### Your assignment:
Starting at the line that contains "Buddha Gift Handmade", copy each line through the end of the listing below. Include both ends and output nothing more.

-- Opening Marker --

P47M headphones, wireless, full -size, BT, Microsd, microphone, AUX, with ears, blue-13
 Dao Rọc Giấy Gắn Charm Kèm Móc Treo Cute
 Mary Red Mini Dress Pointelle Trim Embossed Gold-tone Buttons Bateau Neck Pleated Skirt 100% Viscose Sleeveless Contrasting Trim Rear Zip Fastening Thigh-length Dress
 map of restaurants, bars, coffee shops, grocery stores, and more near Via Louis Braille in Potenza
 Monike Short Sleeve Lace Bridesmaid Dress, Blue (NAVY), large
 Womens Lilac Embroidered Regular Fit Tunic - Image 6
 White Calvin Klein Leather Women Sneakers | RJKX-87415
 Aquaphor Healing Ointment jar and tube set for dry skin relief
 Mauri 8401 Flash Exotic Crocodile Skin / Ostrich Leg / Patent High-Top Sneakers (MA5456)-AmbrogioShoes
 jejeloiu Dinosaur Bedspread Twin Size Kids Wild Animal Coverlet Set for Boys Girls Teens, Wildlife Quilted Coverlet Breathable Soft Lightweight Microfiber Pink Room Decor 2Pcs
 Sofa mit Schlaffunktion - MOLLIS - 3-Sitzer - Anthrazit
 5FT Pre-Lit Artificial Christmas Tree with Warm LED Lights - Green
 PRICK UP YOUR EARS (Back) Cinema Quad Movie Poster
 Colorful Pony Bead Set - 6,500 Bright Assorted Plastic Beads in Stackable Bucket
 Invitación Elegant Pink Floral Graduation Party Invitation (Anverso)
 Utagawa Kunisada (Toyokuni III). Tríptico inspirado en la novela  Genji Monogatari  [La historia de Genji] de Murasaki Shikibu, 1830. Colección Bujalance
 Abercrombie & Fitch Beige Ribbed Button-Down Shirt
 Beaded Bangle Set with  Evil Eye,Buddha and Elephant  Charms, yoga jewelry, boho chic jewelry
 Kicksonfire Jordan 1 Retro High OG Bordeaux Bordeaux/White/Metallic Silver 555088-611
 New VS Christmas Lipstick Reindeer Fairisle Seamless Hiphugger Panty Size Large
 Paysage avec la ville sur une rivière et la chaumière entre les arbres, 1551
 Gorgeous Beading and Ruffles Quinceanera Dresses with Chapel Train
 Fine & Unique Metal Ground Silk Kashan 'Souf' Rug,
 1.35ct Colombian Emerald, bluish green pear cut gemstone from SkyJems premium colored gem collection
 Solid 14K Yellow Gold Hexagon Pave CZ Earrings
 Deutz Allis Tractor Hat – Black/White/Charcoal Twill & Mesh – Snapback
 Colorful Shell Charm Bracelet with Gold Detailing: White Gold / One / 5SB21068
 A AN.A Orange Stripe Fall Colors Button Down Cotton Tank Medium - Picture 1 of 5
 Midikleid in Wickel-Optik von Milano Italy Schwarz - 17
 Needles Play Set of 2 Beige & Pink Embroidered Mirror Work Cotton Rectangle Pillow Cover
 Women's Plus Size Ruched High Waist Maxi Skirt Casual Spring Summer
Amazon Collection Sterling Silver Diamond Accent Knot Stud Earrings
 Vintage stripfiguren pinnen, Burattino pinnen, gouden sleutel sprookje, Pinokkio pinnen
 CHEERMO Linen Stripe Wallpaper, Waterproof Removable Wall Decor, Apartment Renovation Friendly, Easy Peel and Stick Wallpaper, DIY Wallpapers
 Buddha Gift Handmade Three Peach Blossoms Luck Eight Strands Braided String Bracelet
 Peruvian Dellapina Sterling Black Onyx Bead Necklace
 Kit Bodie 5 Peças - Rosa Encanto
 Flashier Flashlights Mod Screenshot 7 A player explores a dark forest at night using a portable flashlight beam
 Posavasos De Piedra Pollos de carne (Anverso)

-- Closing Marker --

### Solution to this exercise:
 Buddha Gift Handmade Three Peach Blossoms Luck Eight Strands Braided String Bracelet
 Peruvian Dellapina Sterling Black Onyx Bead Necklace
 Kit Bodie 5 Peças - Rosa Encanto
 Flashier Flashlights Mod Screenshot 7 A player explores a dark forest at night using a portable flashlight beam
 Posavasos De Piedra Pollos de carne (Anverso)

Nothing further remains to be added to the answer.